* Task prompt: In the entries below, find the line containing "Maison 9 pièces 245 m²" and the line containing "和小火人聊天真好玩 #多闪app #小火人AI聊天 #多闪". Copy those two lines and everything between them exactly, without the pictures.

* Given records:
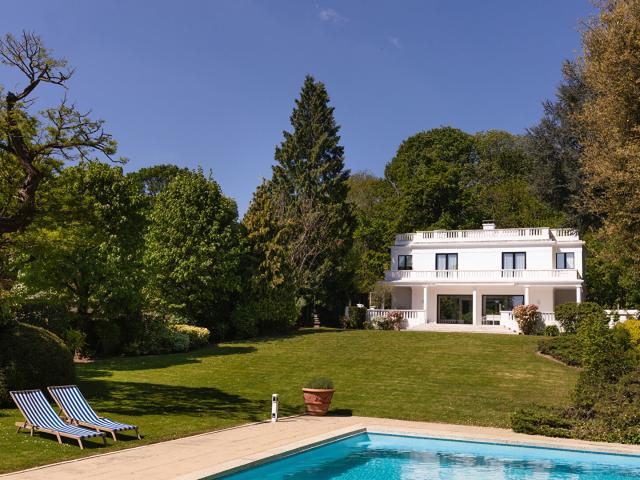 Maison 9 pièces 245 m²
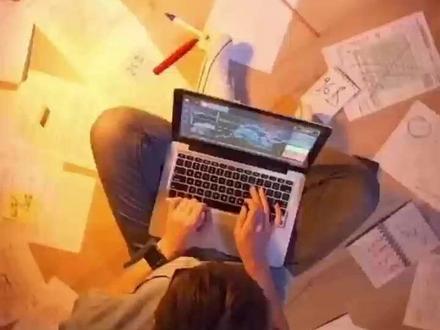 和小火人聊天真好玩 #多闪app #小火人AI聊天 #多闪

---

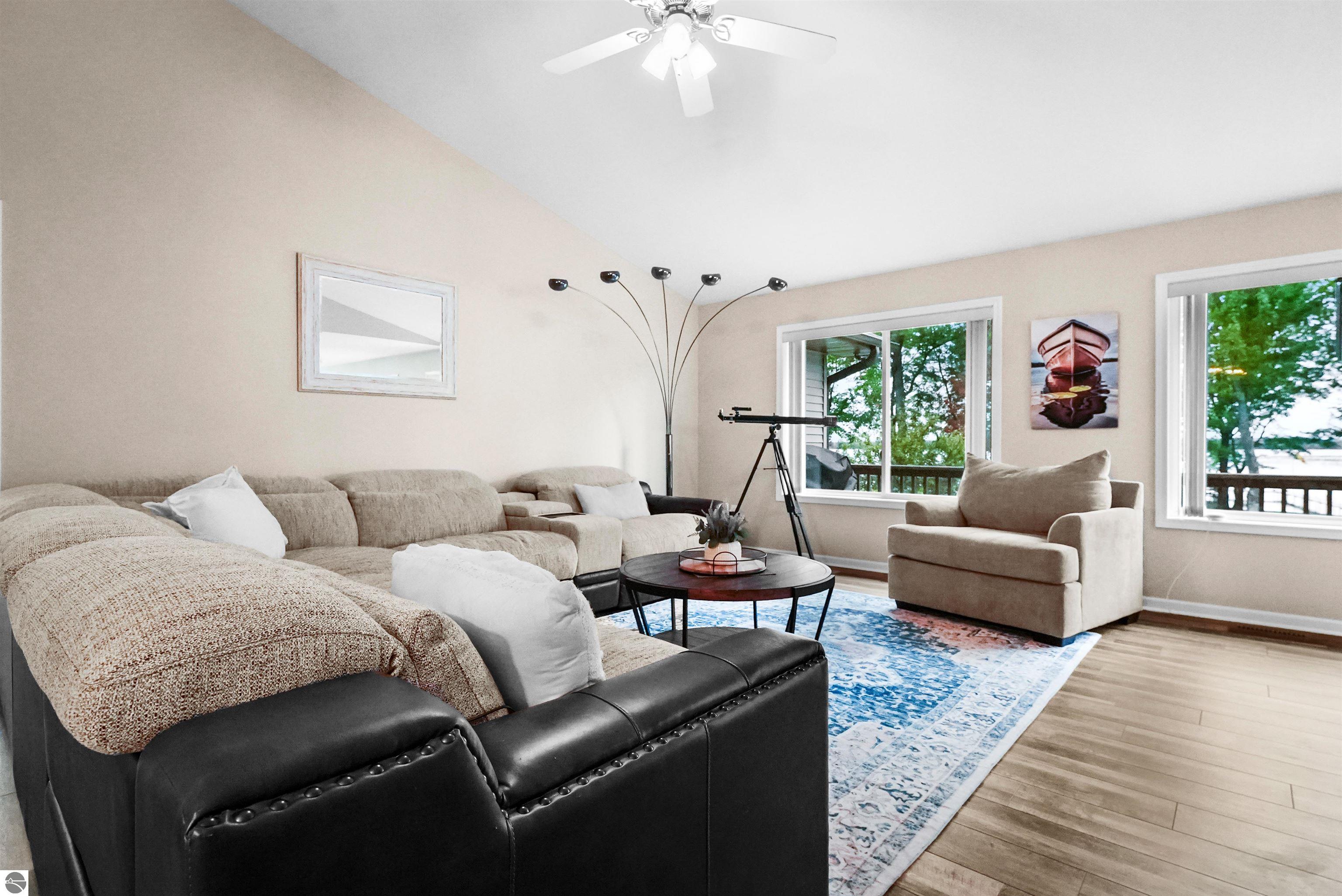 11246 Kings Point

* Final answer:
 Maison 9 pièces 245 m²
 和小火人聊天真好玩 #多闪app #小火人AI聊天 #多闪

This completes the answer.